# Hms Sumar



## Eggo (Dec 3, 2006)

Looking for a WW11 armed yacht based in Jamaica 1940-45 HMS Sumar. My father was AB on it(Jester)


----------



## Stephen J. Card (Nov 5, 2006)

Eggo said:


> Looking for a WW11 armed yacht based in Jamaica 1940-45 HMS Sumar. My father was AB on it(Jester)

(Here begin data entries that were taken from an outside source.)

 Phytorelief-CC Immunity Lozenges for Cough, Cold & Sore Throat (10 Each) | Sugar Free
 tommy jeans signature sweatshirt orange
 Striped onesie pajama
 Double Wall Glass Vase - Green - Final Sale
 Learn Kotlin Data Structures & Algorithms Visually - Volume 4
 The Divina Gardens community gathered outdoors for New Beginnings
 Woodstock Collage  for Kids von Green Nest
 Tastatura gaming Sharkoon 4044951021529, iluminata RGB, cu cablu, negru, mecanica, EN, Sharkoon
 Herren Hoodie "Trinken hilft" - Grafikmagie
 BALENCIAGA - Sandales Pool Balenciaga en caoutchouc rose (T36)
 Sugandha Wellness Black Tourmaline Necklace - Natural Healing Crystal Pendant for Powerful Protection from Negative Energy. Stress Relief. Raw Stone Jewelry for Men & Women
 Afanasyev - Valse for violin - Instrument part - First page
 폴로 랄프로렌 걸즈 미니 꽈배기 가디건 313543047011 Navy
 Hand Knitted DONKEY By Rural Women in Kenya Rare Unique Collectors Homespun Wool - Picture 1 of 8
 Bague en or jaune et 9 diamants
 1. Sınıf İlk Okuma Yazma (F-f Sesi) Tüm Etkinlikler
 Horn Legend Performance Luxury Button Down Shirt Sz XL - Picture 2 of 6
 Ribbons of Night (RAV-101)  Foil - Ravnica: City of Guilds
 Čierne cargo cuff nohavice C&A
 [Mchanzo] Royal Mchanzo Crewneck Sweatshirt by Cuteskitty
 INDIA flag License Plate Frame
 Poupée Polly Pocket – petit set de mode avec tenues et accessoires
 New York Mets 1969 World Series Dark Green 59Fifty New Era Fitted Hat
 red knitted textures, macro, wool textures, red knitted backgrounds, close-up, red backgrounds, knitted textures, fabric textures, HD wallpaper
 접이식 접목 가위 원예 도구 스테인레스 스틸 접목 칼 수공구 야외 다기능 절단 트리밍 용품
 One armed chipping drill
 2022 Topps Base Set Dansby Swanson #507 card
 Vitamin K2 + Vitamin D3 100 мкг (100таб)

I've just had someone ask me about this ship. Her dad also served in her during 1940 - 1945'

Stephen


----------



## treeve (Nov 15, 2005)

Have you seen this thread?
http://www.boards2go.com/boards/board.cgi?action=read&id=1152241670&user=mightyseas
It appears there are two pictures of her and someone has photos of the crew
and something here ...
http://www.philpash.com/?p=updown
Best Wishes, Raymond


----------



## Roger Bentley (Nov 15, 2005)

According to Warships of WW2, H J Lenton and JJ Colledge she was used in the examination service. (1944) and was sold in 1946. Her tonnage under Thames measurement was 447 and she was built in 1926. Her pennant number was FY1003. Regards, Roger


----------



## Pat Thompson (Jan 25, 2006)

Greetings,

My late (Step)Dad Jack Hutchinson was in the Examinations Service based in Aberdeen during WW2. Sadly apart from that revelation I know nothing

Aye

Pat Thompson

You can't get enough photos of "O'Boats"


----------



## treeve (Nov 15, 2005)

Picture of her found on ebay

http://www.naval-history.net/xDKWW2-4201-40RNShips4Overseas.htm
Anti-Submarine Vessels - MARAVAL (Ty/Lt K Clayton RNVR), SUMAR (Act/Ty/Lt Cdr C A King DSC RNR), both at Bermuda


----------



## treeve (Nov 15, 2005)

*sumar*

found on ebay express


----------



## Capt. Eric Wiberg Esq. (Nov 21, 2008)

The caption for this photo at the Grosse Pointe (Michigan) Historical Society is “The David C. Whitney Yacht ‘Sumar’ named after Susan Marshall Whitney.”
Photo source: http://www.gphistorical.org/whitney.html
The yacht Sumar was commissioned by David C. Whitney (1865-1942) of Grosse Point, Detroit Michigan and named for his wife Susan Marshall. It was built of steel by the Todd Shipyards Corporation in Brooklyn NY, the same yard as the Gannett was built, except it was built by their Tebo Yacht Basin subsidiary. 
The vessel was 160 feet long and propulsion was twin diesel engines which turned two propellers and produced 13 knots. The naval architect was Henry J. Gielow. Her beam was 26 feet and tonnage 319. The engines were built by Cooper-Bessemer and developed 420 horsepower. The vessel was manned by a crew of 21. In 1927 her captain was B. Madsen and in May she was in transit from Manila to Colombo Sri Lanka via Singapore. 
Built in 1926, by April 1931 the Sumar had logged 85,000 nautical miles of cruising, including a cir***navigation of the planet. She ranged from the east and west coasts of the Americas, the Mediterranean and Black Seas, the British Isles, Scandinavia, and the Caribbean. The first part of her route took her to Port of Spain, Rio, Montevideo, then to Hammerfest Norway. Her captain in 1930 was Barney, who had skippered the British war prize Germania and been responsible for 104 idle Hog Island-built ships for two years.


----------



## Maunsel (Oct 18, 2011)

Sumar


----------



## Maunsel (Oct 18, 2011)

yacht Sumar


----------



## Maunsel (Oct 18, 2011)

Another of Sumar


----------



## Maunsel (Oct 18, 2011)

Here's the painting of Sumar by Papaluca


----------



## wcb5828 (Oct 13, 2019)

My Great Grandfather was Barney Madsen. He captained this ship I believe for the Whitney family.


----------